Skipping each picture, output the entries exactly as they stand below.

START DATA RECORDS

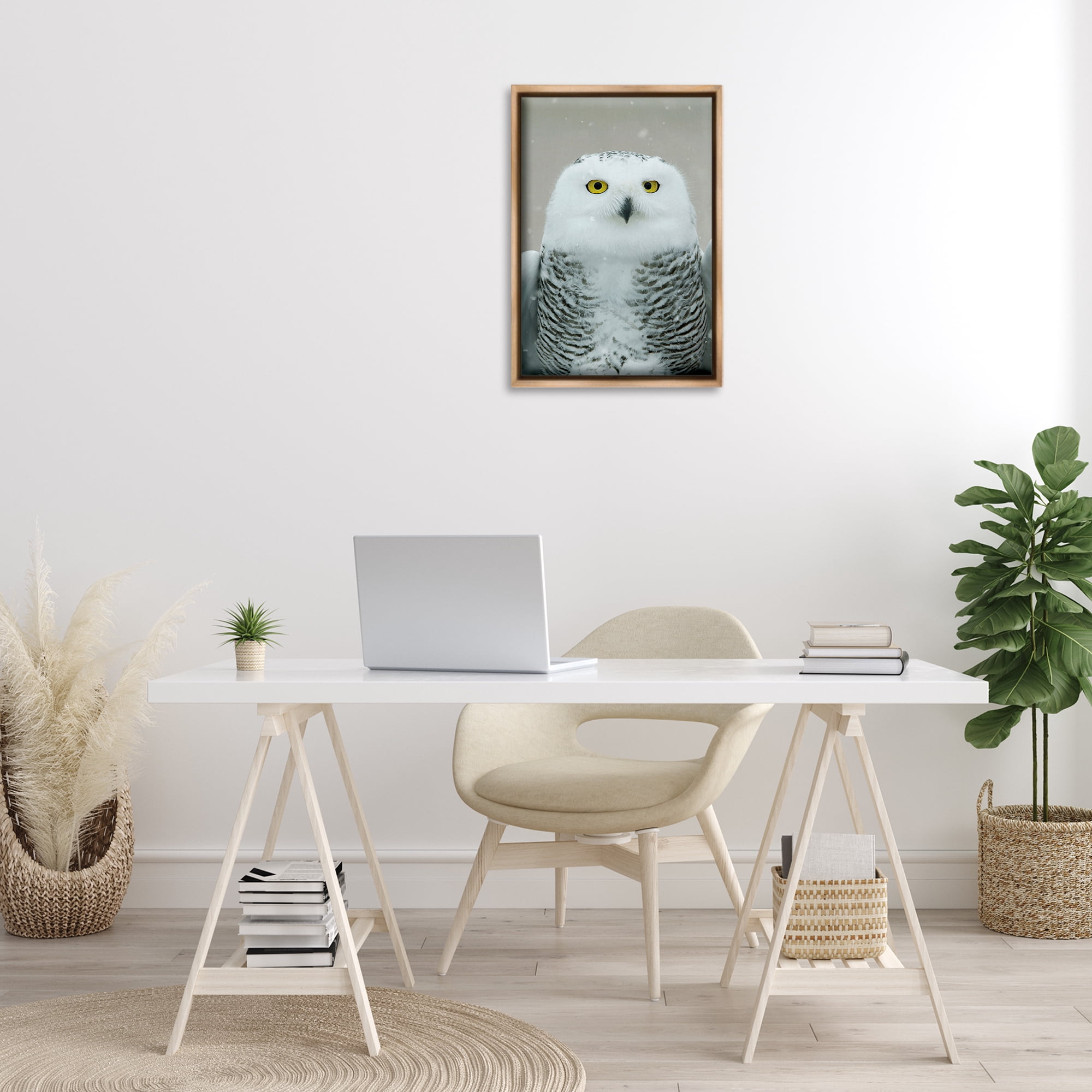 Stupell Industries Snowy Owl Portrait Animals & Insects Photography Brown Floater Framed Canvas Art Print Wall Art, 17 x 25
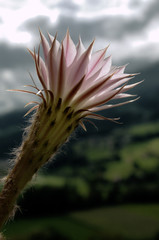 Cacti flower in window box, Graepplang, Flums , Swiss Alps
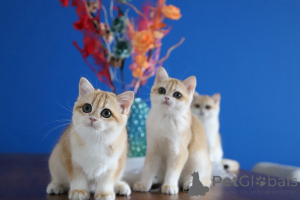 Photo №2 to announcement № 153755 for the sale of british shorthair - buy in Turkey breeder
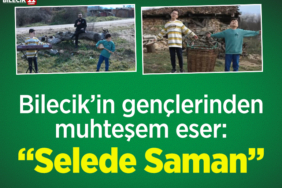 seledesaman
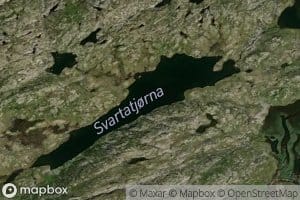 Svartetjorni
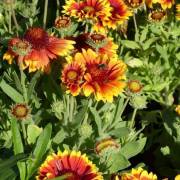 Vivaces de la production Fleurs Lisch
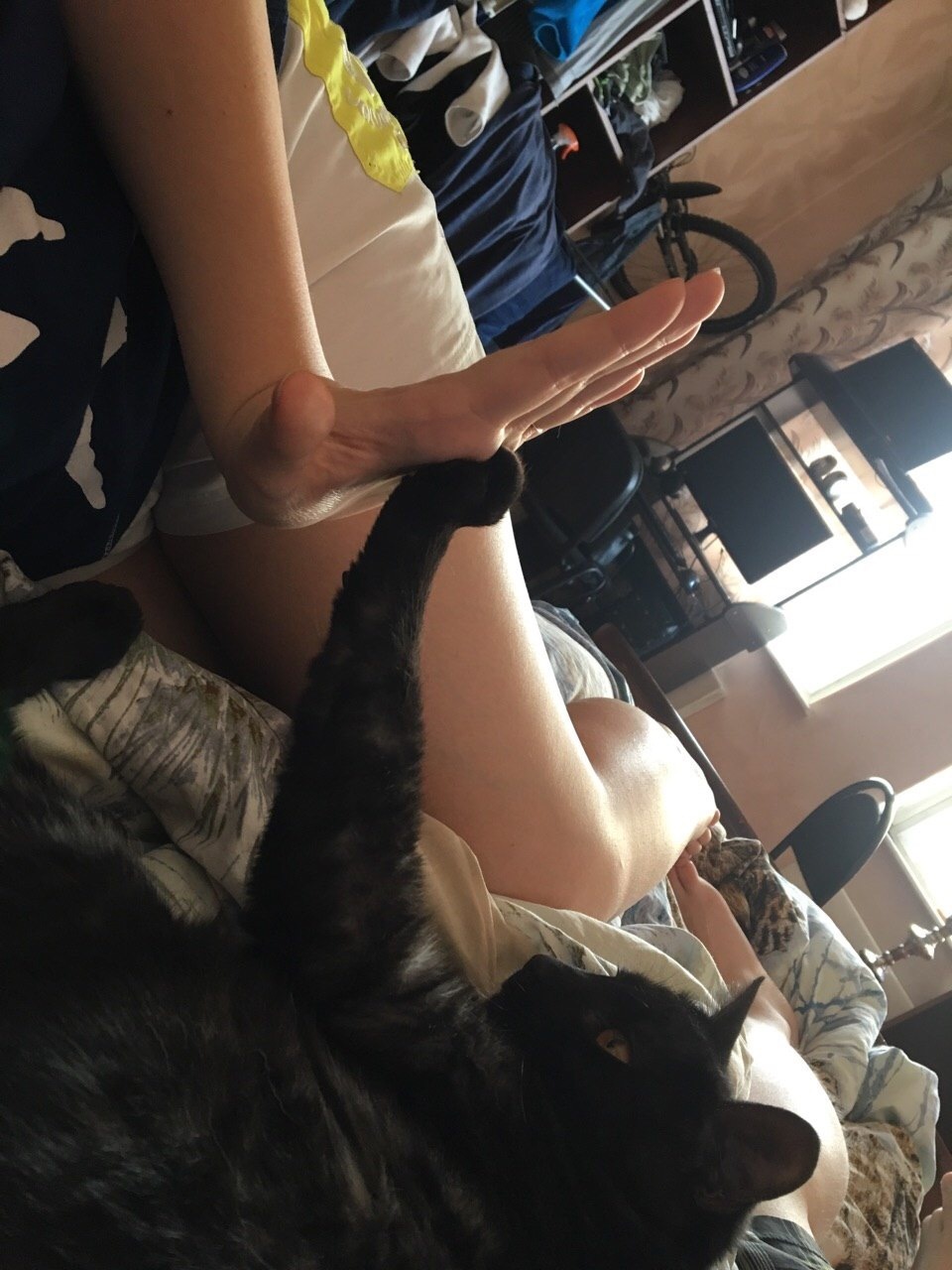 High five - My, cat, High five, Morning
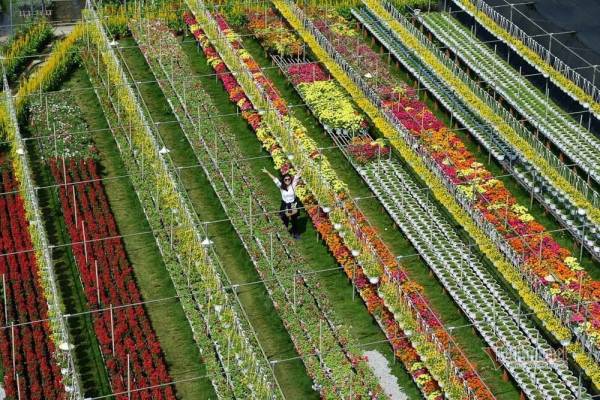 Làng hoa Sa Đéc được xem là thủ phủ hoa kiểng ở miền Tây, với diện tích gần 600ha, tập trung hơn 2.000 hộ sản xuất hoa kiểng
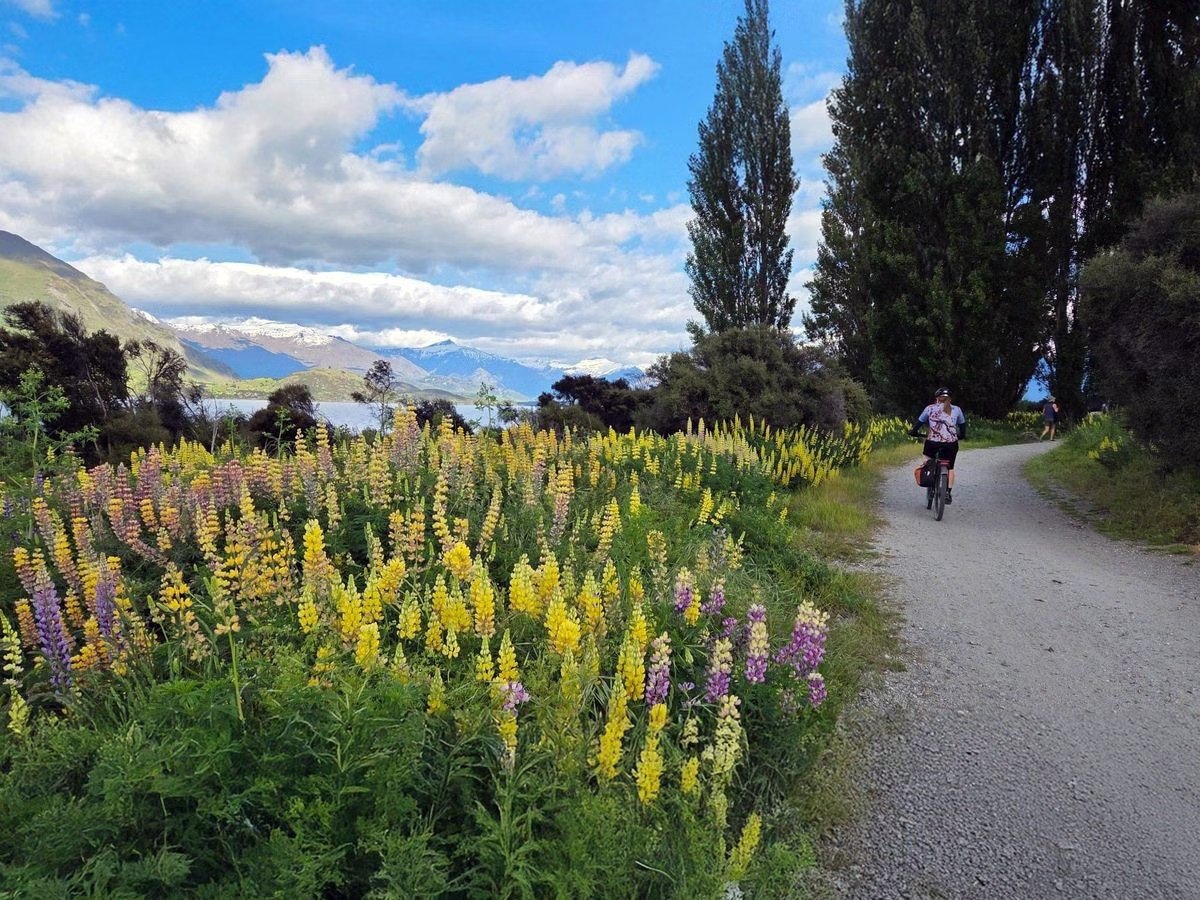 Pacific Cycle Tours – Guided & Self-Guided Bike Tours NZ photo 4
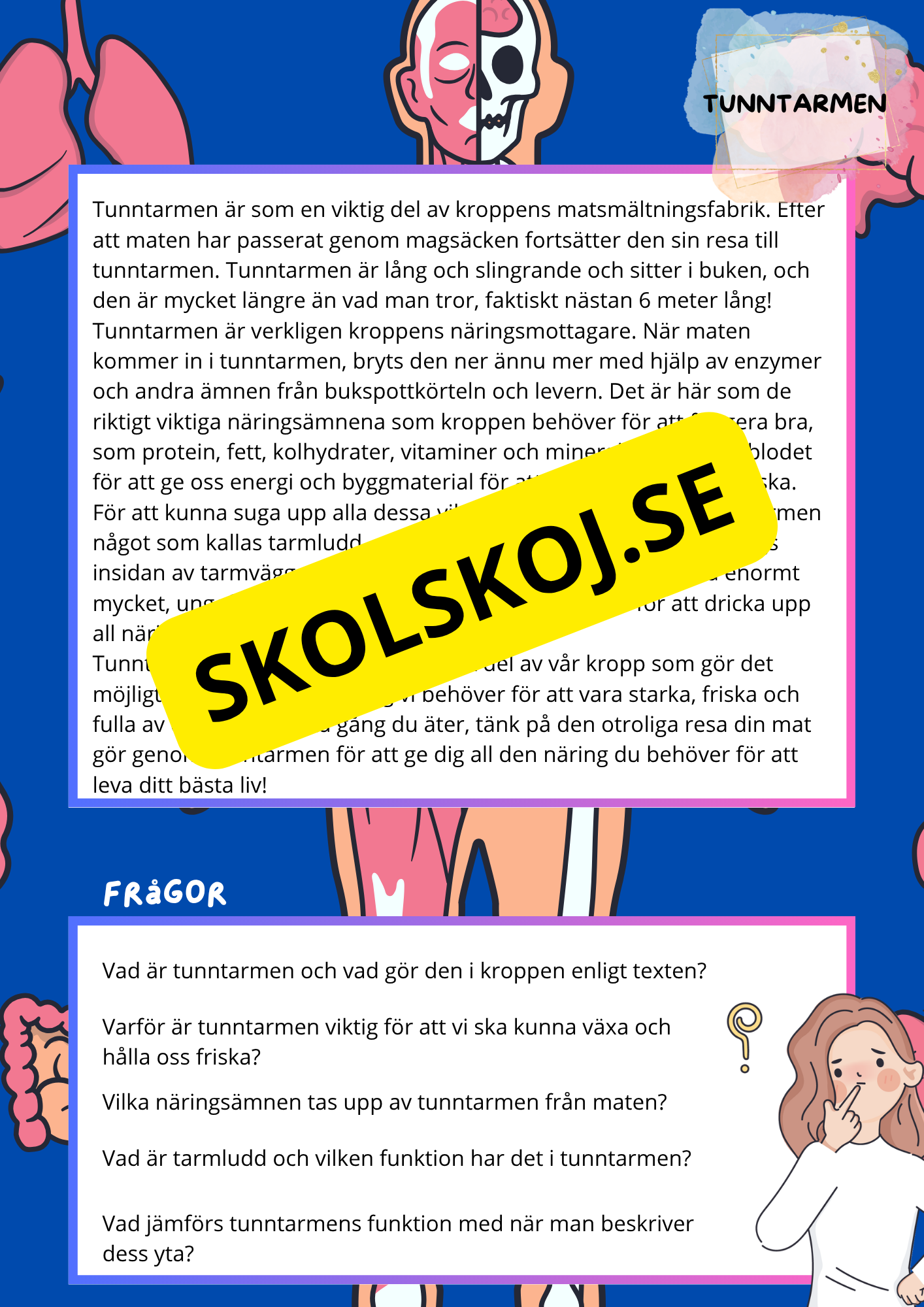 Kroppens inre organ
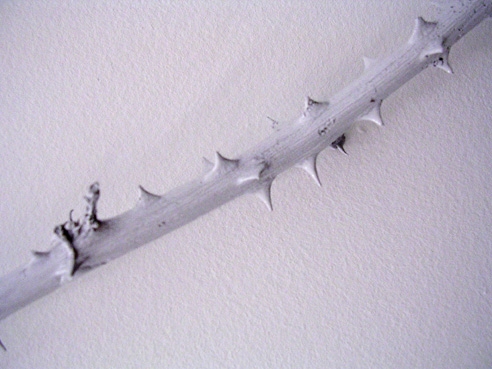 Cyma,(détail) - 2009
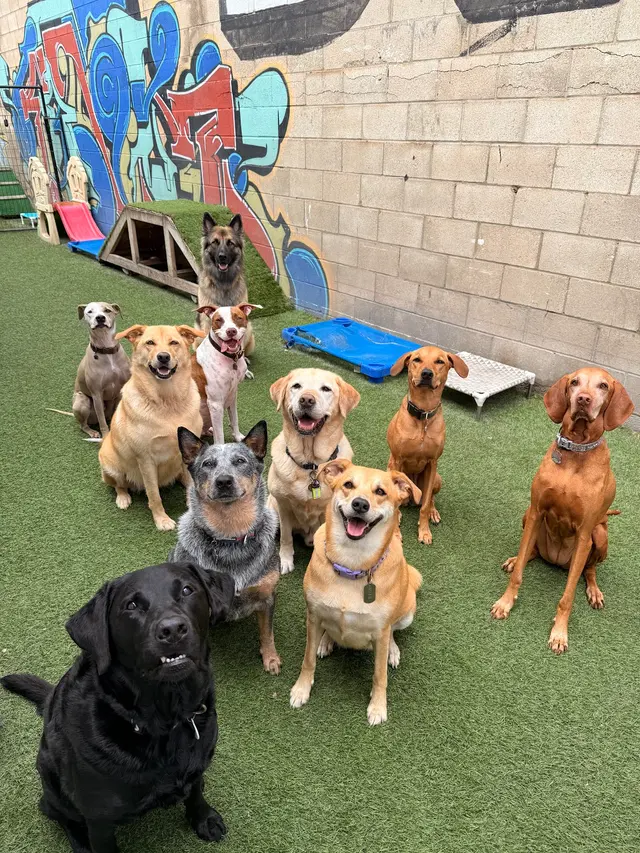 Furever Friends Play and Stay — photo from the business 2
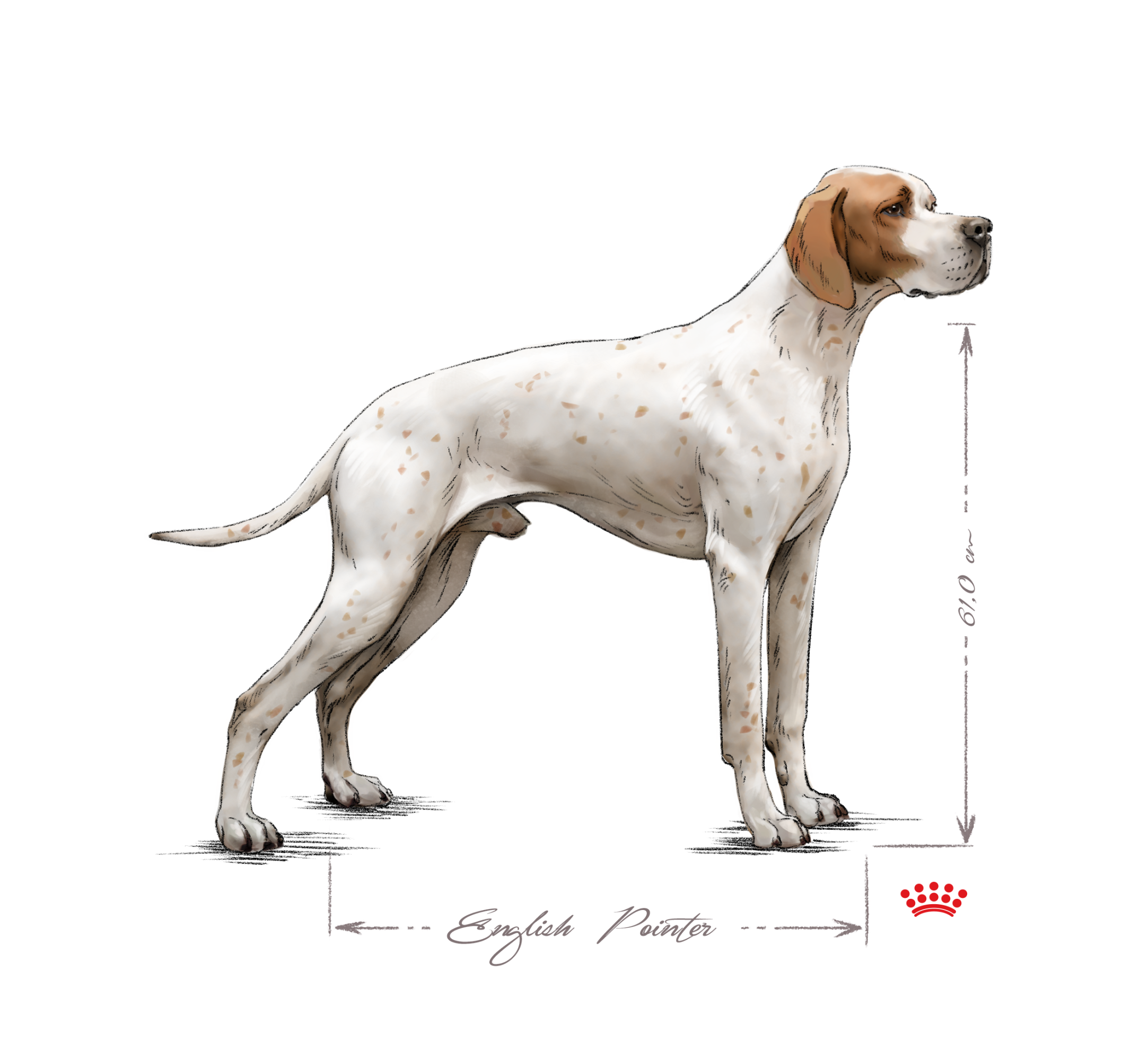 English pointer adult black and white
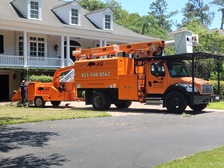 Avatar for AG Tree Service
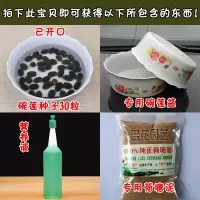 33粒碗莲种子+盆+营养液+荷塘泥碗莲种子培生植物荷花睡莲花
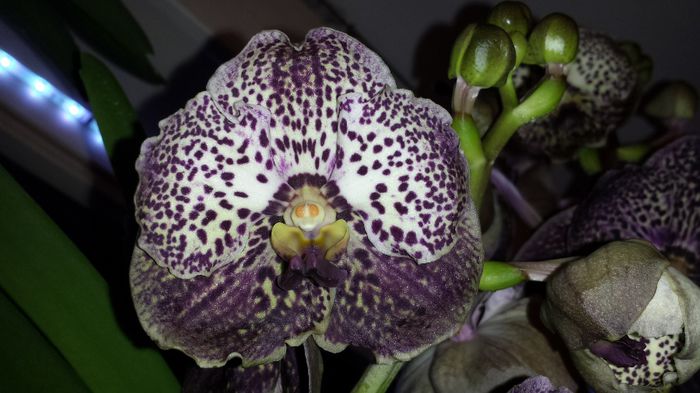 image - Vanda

END DATA RECORDS

WORKED SOLUTION:
 Stupell Industries Snowy Owl Portrait Animals & Insects Photography Brown Floater Framed Canvas Art Print Wall Art, 17 x 25
 Cacti flower in window box, Graepplang, Flums , Swiss Alps
 Photo №2 to announcement № 153755 for the sale of british shorthair - buy in Turkey breeder
 seledesaman
 Svartetjorni
 Vivaces de la production Fleurs Lisch
 High five - My, cat, High five, Morning
 Làng hoa Sa Đéc được xem là thủ phủ hoa kiểng ở miền Tây, với diện tích gần 600ha, tập trung hơn 2.000 hộ sản xuất hoa kiểng
 Pacific Cycle Tours – Guided & Self-Guided Bike Tours NZ photo 4
 Kroppens inre organ
 Cyma,(détail) - 2009
 Furever Friends Play and Stay — photo from the business 2
 English pointer adult black and white
 Avatar for AG Tree Service
 33粒碗莲种子+盆+营养液+荷塘泥碗莲种子培生植物荷花睡莲花
 image - Vanda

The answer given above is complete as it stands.